September has always been a time for harvesting the fruits of the summer, for change, and for magic. But this year, it’s hit me differently.
Real Talk: The Ups and Downs
I’m living the life I dreamed about—sorta. The vision board, the journal entries, the dreams—they’ve come true, but there’s still something missing. It’s that “sorta” that’s making me feel off-balance. What’s missing feels bigger than what I’ve achieved, and that scares me. Am I chasing something that will ever be enough? Will I ever be enough?
I’ve spent years learning about mental health, depression, movement, and mindfulness practices. I know the tools, but even with all that knowledge, I still fall into old patterns. Isn’t that how life is sometimes? It’s like doing the Hokey Pokey—one step forward, one step back—and it’s a dance that feels pretty lonely.
Pretending everything is fine is exhausting. I’d rather be real, vulnerable, and true to who I am than fake it ’til I make it.
The Loss of Teaching
I miss teaching. It has been my constant since 2011. When I stop teaching, it usually means life is in a downswing. And right now, I feel that loss.
It’s not just the movement—though the benefits of movement are endless—it’s the connection, the community, the laughter, the shared purpose that makes teaching so magical.

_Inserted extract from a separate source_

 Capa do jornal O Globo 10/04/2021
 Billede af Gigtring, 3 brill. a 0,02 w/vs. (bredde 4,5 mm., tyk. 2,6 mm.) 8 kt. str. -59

Moving to North Berwick was supposed to bring more in-person movement into my life, but life had other plans. I’ve stopped teaching online too, and I didn’t realize how much I’d miss it.
Here I am. And here you are, still reading—so thank you for sticking with me this far.
Becoming “Optimystic”
One thing this journey has taught me is that finding balance in life isn’t easy. Being optimistic doesn’t mean ignoring the heavy stuff, and being mystical doesn’t mean rejecting practicality. It’s about blending the two. That’s why I’m embracing the idea of being optimystic—finding balance between optimism and mystical curiosity.
Wanna join me?
Looking Ahead
Despite all the doubts, I’ve managed to keep writing. Sady’s story is coming together, and even though I wonder if anyone will read it or care, I’m trying to stay hopeful. This week is a powerful one: it’s the Full Moon in Pisces and the Autumn Equinox. Expect emotional intensity and creative sparks.
I’ve been putting so much energy into Sady’s story that I’ve neglected my magical writing—Moon Musings, Rituals, and the like. But with this equinox energy, I feel drawn to return.
As I navigate this season of change, I’m thinking about finding balance in life—between the practical and the magical, the ups and the downs. What about you? How are you feeling this Equinox? What balance are you seeking?